# Sonrise help



## Normz (27/2/17)

hey guys. I've been diying for a month or 2 now, and I'm currently only buying 2 juices. Now normally I wouldn't mind, but sonrise is what I vape 90% of the time, and it disappears as fast as, well, sonrise in my tank.

Anyway, so I'm trying to get a clone close, but I'm battling. It smells just about right, then after a week it changes completely. So far my "closest" have been:

Pineapple juicy 2%
Kiwi double 2%
Passion fruit 2%
Coconut 1%
Sucralose 1%

All tfa

And :

Pineapple juicy 1%
Kiwi double 1%
Passion fruit 2%
Coconut 1%
Sucralose 1%

Both were kinda ok after shake and vape, but turned into unvapeable monstrosities after a week steep, and I'm really enjoying the fruity vape of sonrise


From the description:

This unique take on a frozen Hawaiian drink will take you to a sun soaked morning on the Big Island.
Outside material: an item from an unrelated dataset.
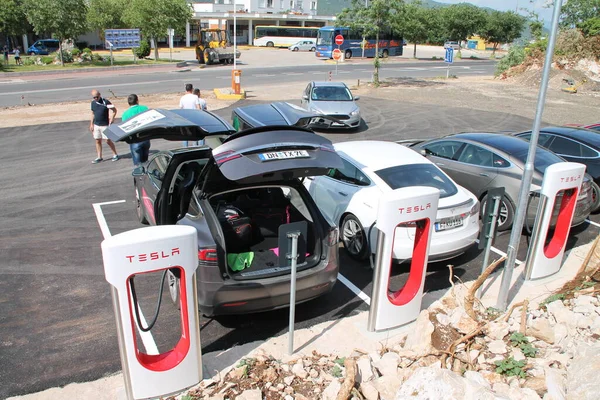 Tesla elektrikli araba şarj istasyonunda.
Sweet and savory passion fruit blended with smooth, exotic kiwi and pineapples. All it takes is one hit to know this will be your new all day fruit vape. It will leave you searching for all the hidden flavors until the sun comes back up.

70% VG

Any help on this, or a similar fruity vape would be highly appreciated

Thanks guys

Reactions: Like 1


----------



## William Vermaak (27/2/17)

Joh @Normz, first time I read it, I read that you were dying

Reactions: Agree 1 | Funny 7


----------



## Normz (27/2/17)

@William Vermaak lol, it looked weird now when I read it as well, but I think I may die if my fiancee finds out how much this juice really costs me

Reactions: Like 1 | Funny 1


----------



## Caveman (27/2/17)

Here is an idea:

https://alltheflavors.com/recipes/6352

Take that recipe, which has gotten very good reviews, add some Kiwi and Passionfruit and maybe drop the pineapple.

Reactions: Like 1


----------



## Normz (27/2/17)

Awesome, thanks @Caveman , I'll get onto that n see how it goes. Never thought of using pina colada as a base

Reactions: Like 1


----------



## Caveman (27/2/17)

Normz said:


> Awesome, thanks @Caveman , I'll get onto that n see how it goes. Never thought of using pina colada as a base


Glad I could help. Here are the full recipe notes for that particular recipe: 

Its the first one in the comments. You might be able to glean some info from there, specially to make your own flavor deductions from

Reactions: Like 1


----------



## Andre (27/2/17)

I was thinking of exactly the same recipe @Caveman recommends above. That is an awesome Pina Colada. He also does a Mango Colada, which might give you some help with percentages if you want to play with other fruit.

Reactions: Like 2


----------